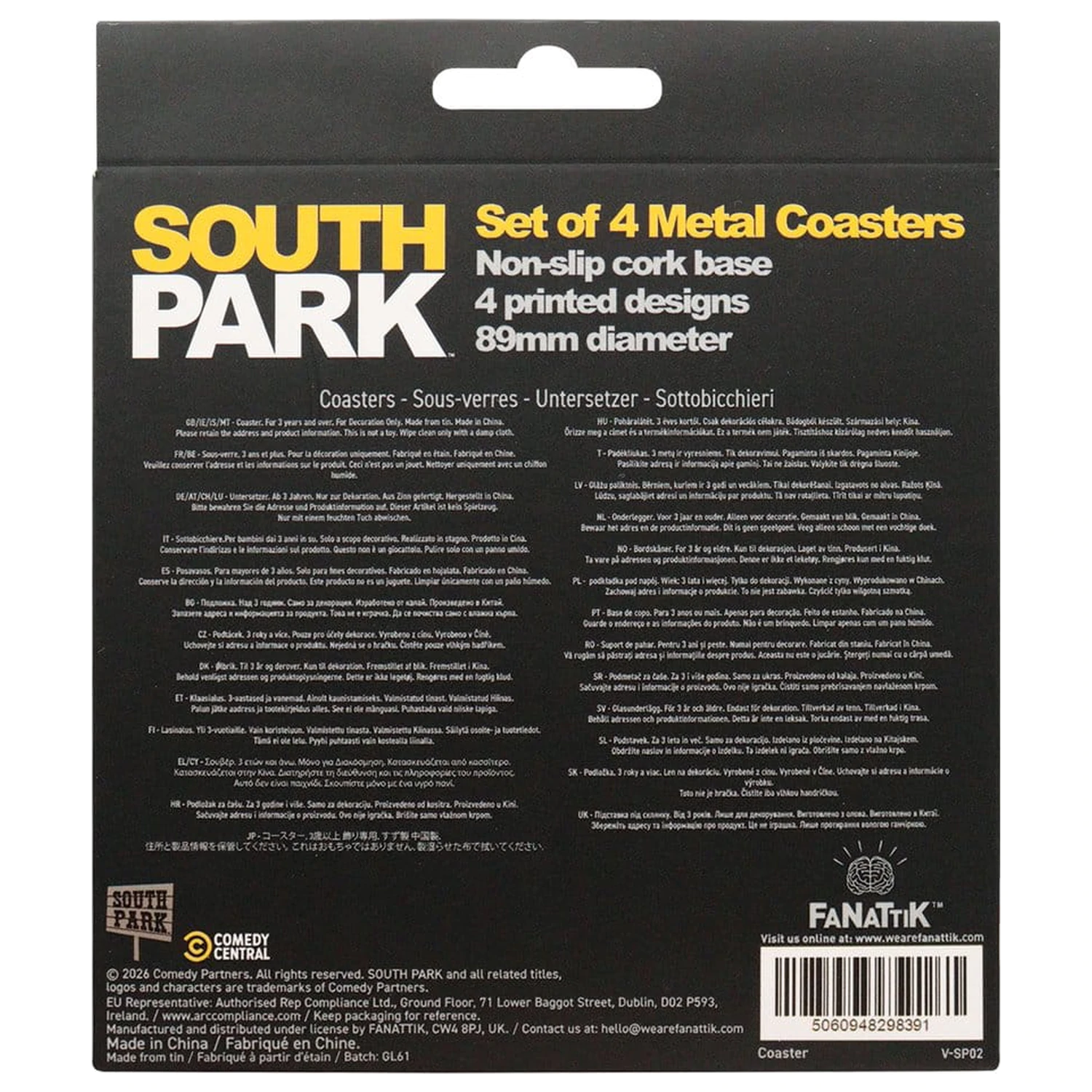 South Park Coaster 4-Pack product photo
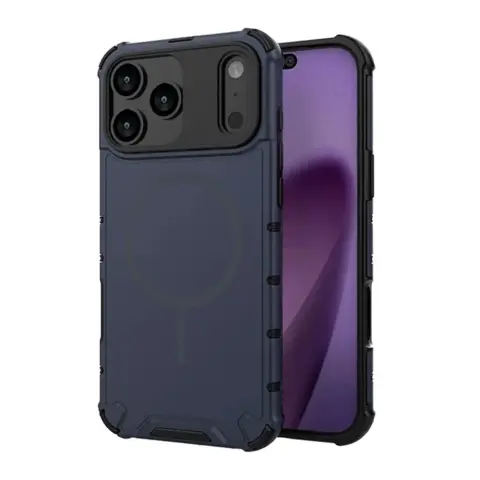 GIGAPACK Defender műanyag tok légpárnás sarokkal MagSafe Apple iPhone 17 Pro / iPhone 18 Pro sötétkék GP-191633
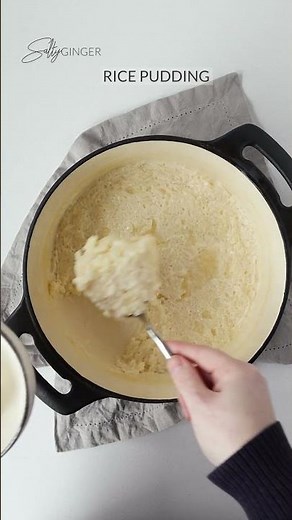 Rice pudding with condensed milk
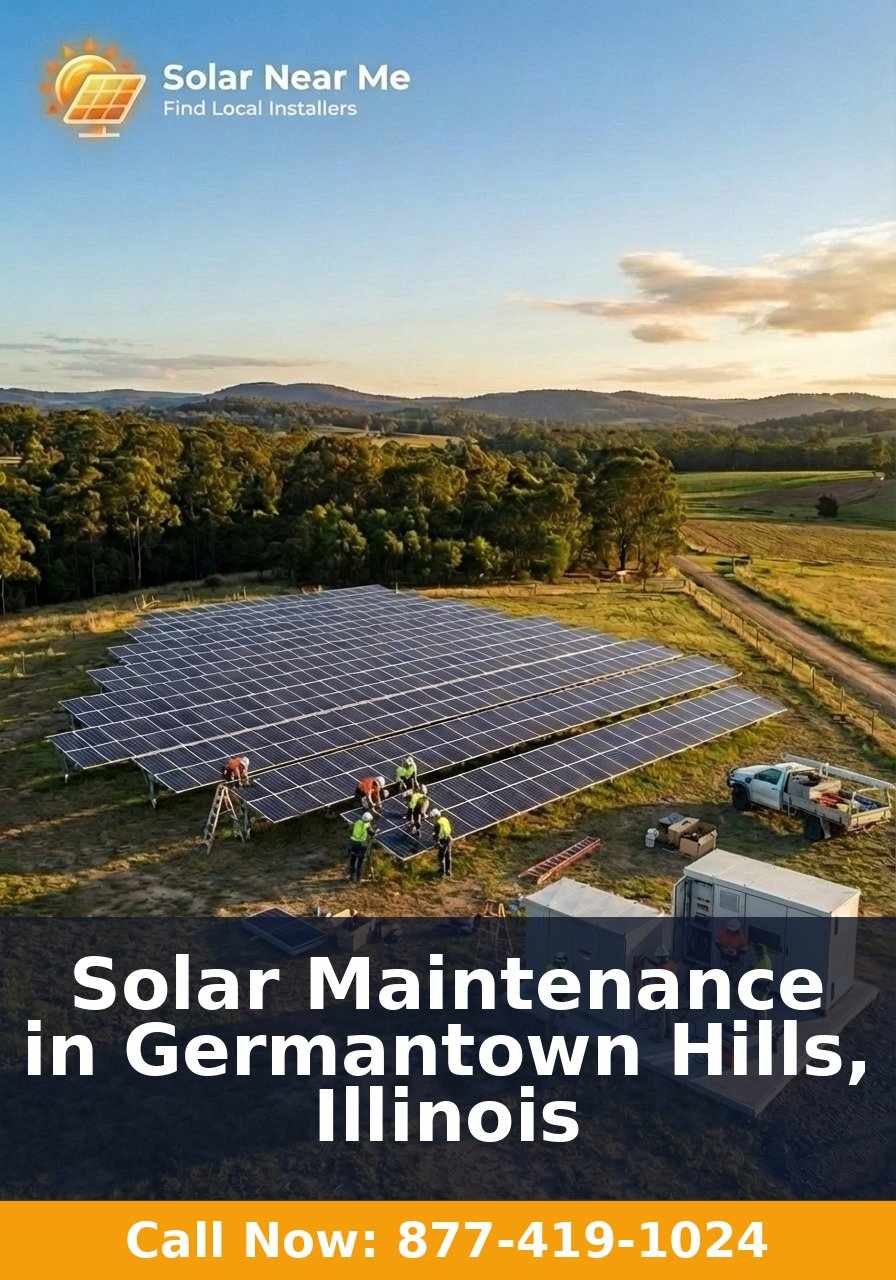 Solar Maintenance in Germantown Hills, Illinois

-------

Task to carry out: The answer must be the listing above, restated word for word, with no images in it.

Task solution:
 South Park Coaster 4-Pack product photo
 GIGAPACK Defender műanyag tok légpárnás sarokkal MagSafe Apple iPhone 17 Pro / iPhone 18 Pro sötétkék GP-191633
 Rice pudding with condensed milk
 Solar Maintenance in Germantown Hills, Illinois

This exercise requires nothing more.